**PROBLEM DESCRIPTION**
Look below for the line that contains "Reebok Sneakersy FIORI" and the line that contains "Có điểm trường", then restate both of them and every line in between, exactly. No picture goes in the copy.

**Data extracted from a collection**
>>>>>

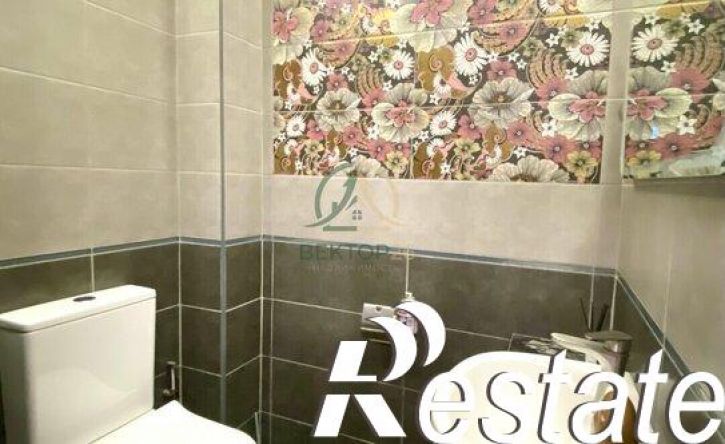 2-комн квартира улица Фридриха Энгельса, 44 к1,  д. 44 к1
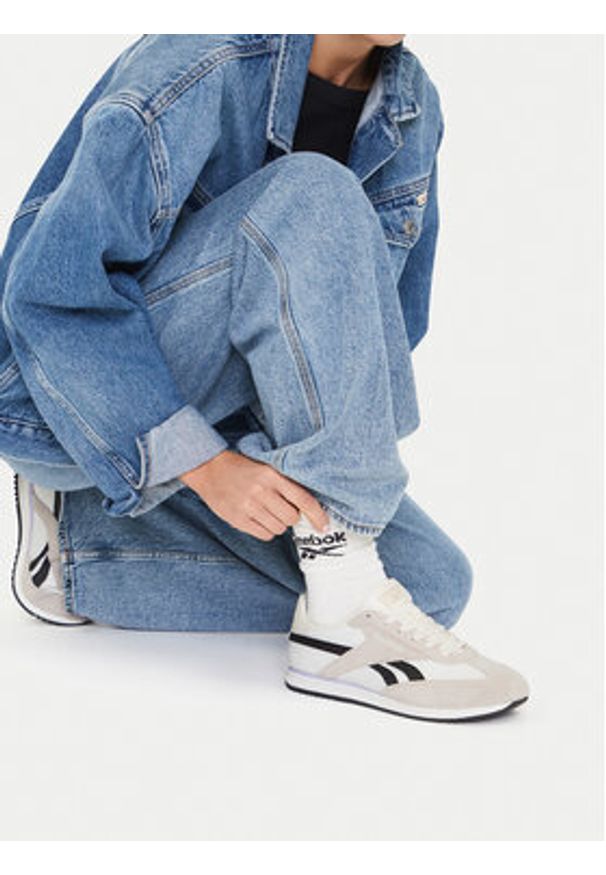 Reebok Sneakersy FIORI AR30309WCC Beżowy. Kolor: beżowy. Materiał: skóra, zamsz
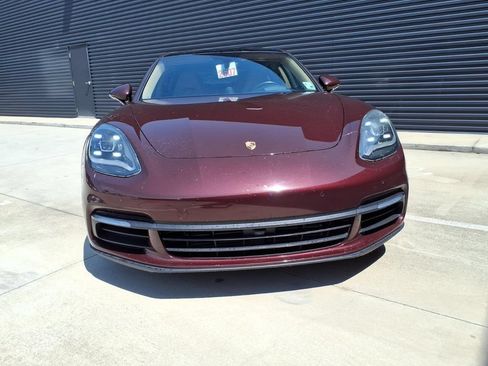 Used 2019 Porsche Panamera 4 AWD/4WD image 8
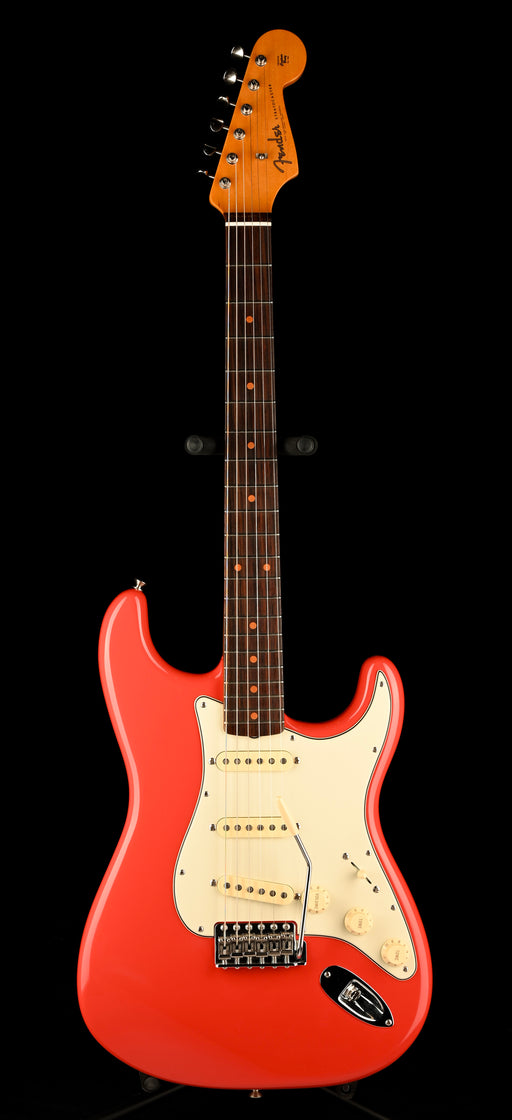 Used Fender American Vintage II 1961 Stratocaster Fiesta Red with OHSC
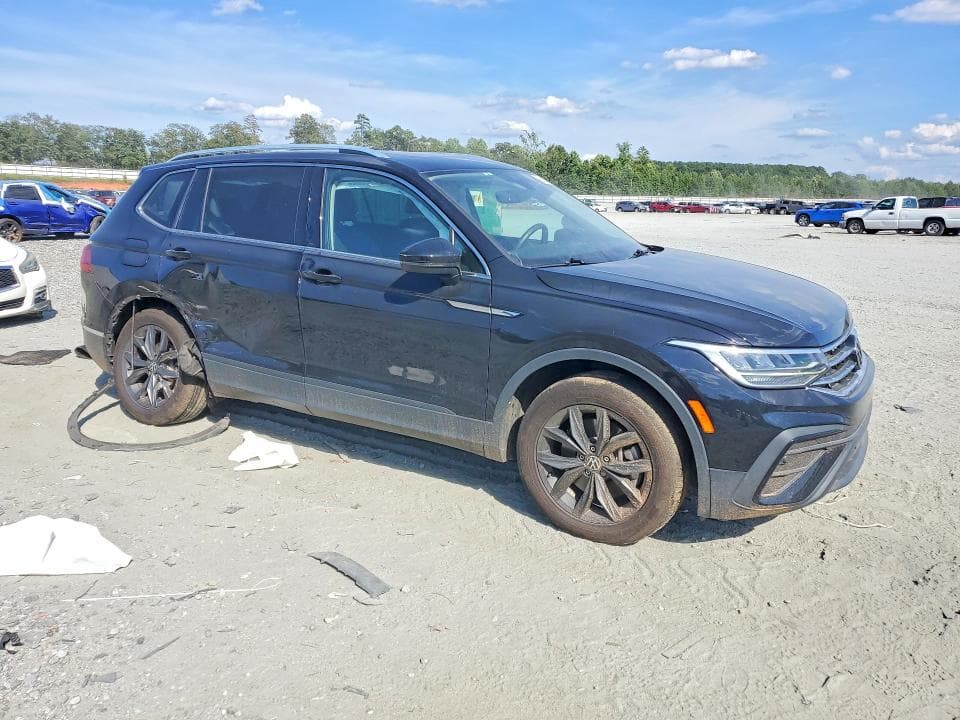 2023 VOLKSWAGEN TIGUAN SE 4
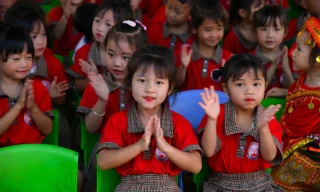 Có điểm trường mới, cô hiệu trưởng xúc động: 'Từ nay các cháu không còn học phòng tạm'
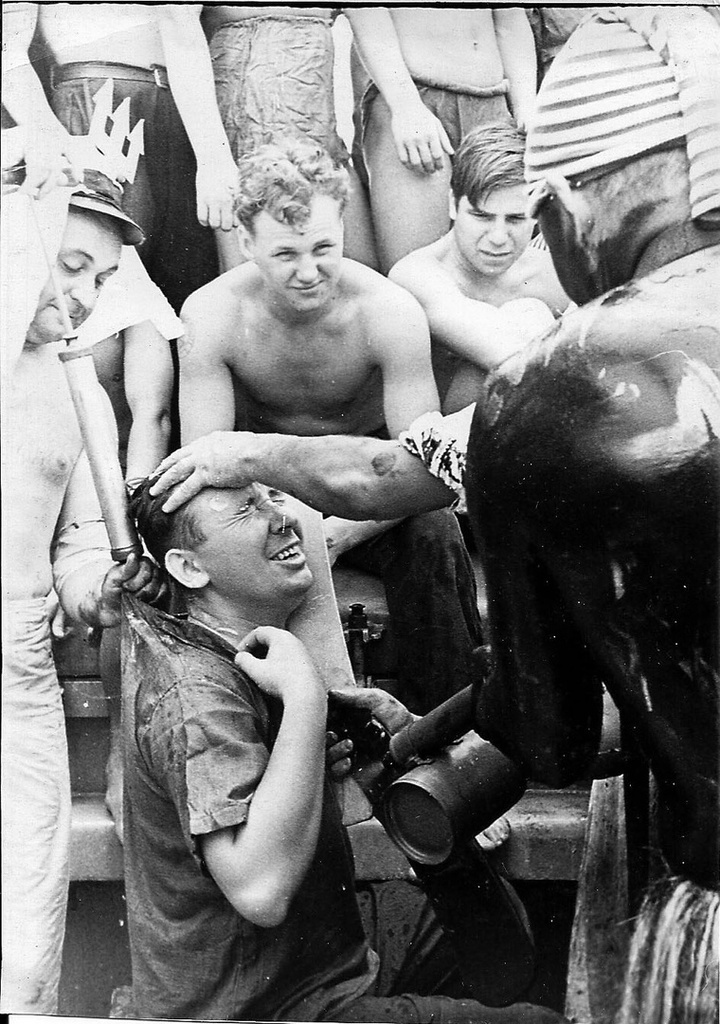 Юрий Вячеславович Куликов проходит обряд «крещения» в день Нептуна при пересечении экватора на теплоходе «Михаил Калинин». Неизвестный автор, 1959 год, Атлантический океан, архив Николая Екимова.
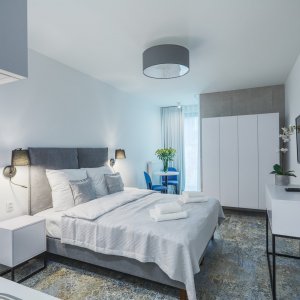 Elegancki apartament utrzymany w stonowanych odcieniach, zapewniający komfort i harmonię w sercu Krakowa.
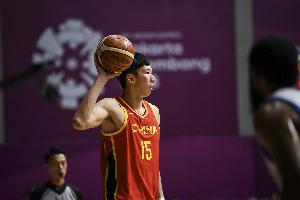 热议不断！“周琦主动请缨战亚运遭拒”登微博热搜前五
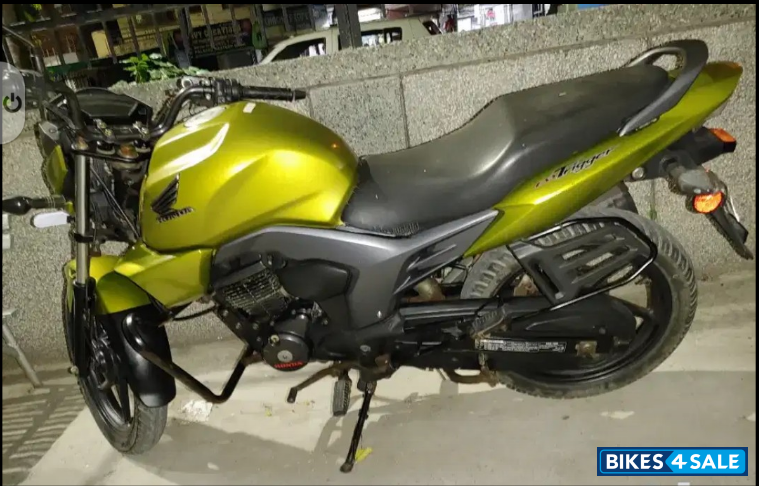 Green Honda CB Trigger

<<<<<

**SOLUTION TO THIS EXERCISE**
 Reebok Sneakersy FIORI AR30309WCC Beżowy. Kolor: beżowy. Materiał: skóra, zamsz
 Used 2019 Porsche Panamera 4 AWD/4WD image 8
 Used Fender American Vintage II 1961 Stratocaster Fiesta Red with OHSC
 2023 VOLKSWAGEN TIGUAN SE 4
 Có điểm trường mới, cô hiệu trưởng xúc động: 'Từ nay các cháu không còn học phòng tạm'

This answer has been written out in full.